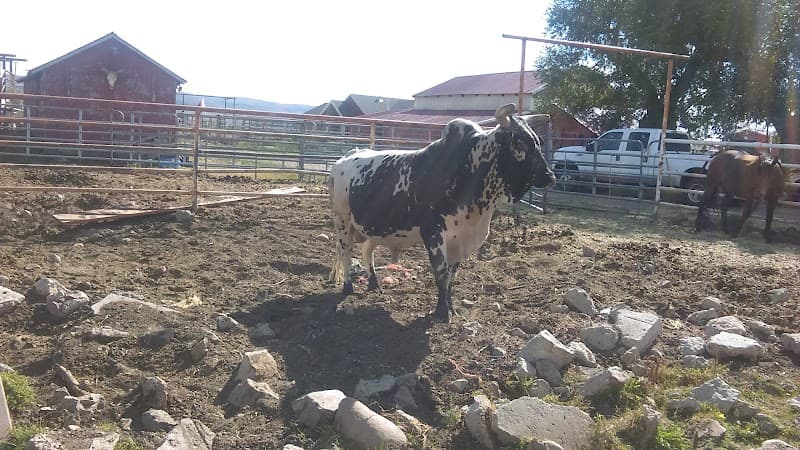 Kamas Rodeo
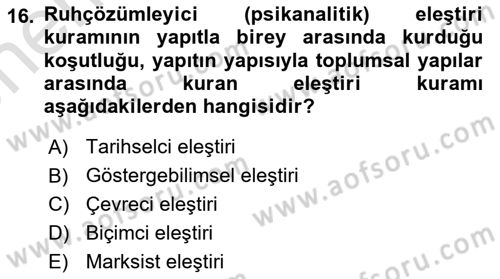 Eleştiri Kuramları Dersi 2024 - 2025 Yılı (Vize) Ara Sınav Soruları 16. Soru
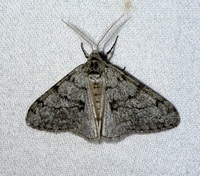 Phigalia strigataria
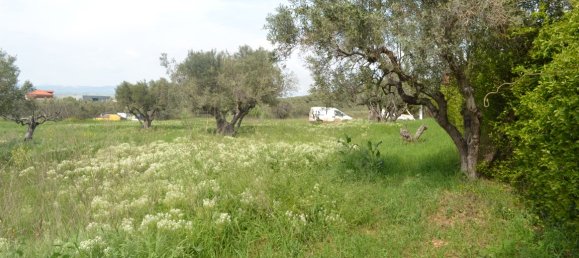 Terra em Chalkidiki, Greece 6100 m² N.º 102996 3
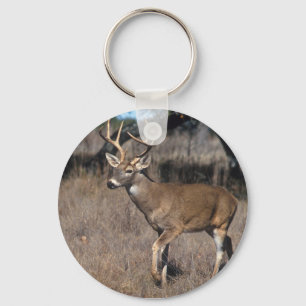 White Tail Deer Key Ring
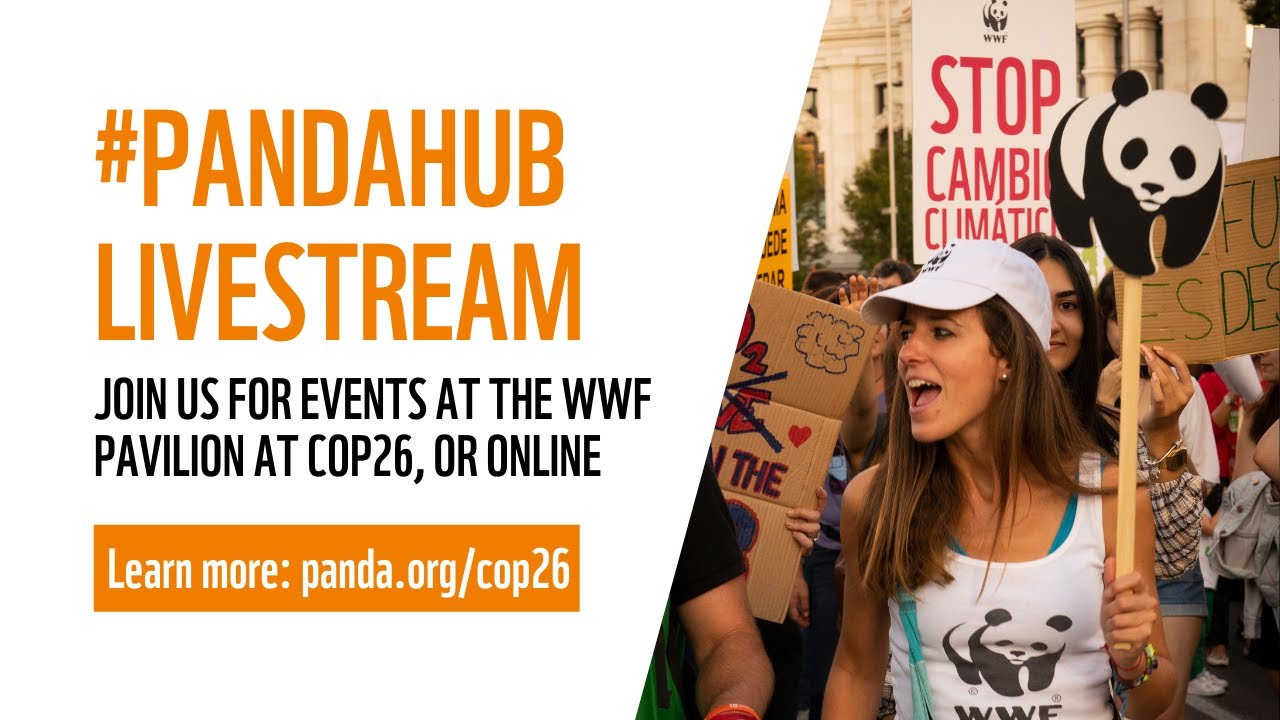 Climate adaptation finance to support sustainable smallholder supply chains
******
Leave out the pictures and output every record above precisely as given.

 Kamas Rodeo
 Eleştiri Kuramları Dersi 2024 - 2025 Yılı (Vize) Ara Sınav Soruları 16. Soru
 Phigalia strigataria
 Terra em Chalkidiki, Greece 6100 m² N.º 102996 3
 White Tail Deer Key Ring
 Climate adaptation finance to support sustainable smallholder supply chains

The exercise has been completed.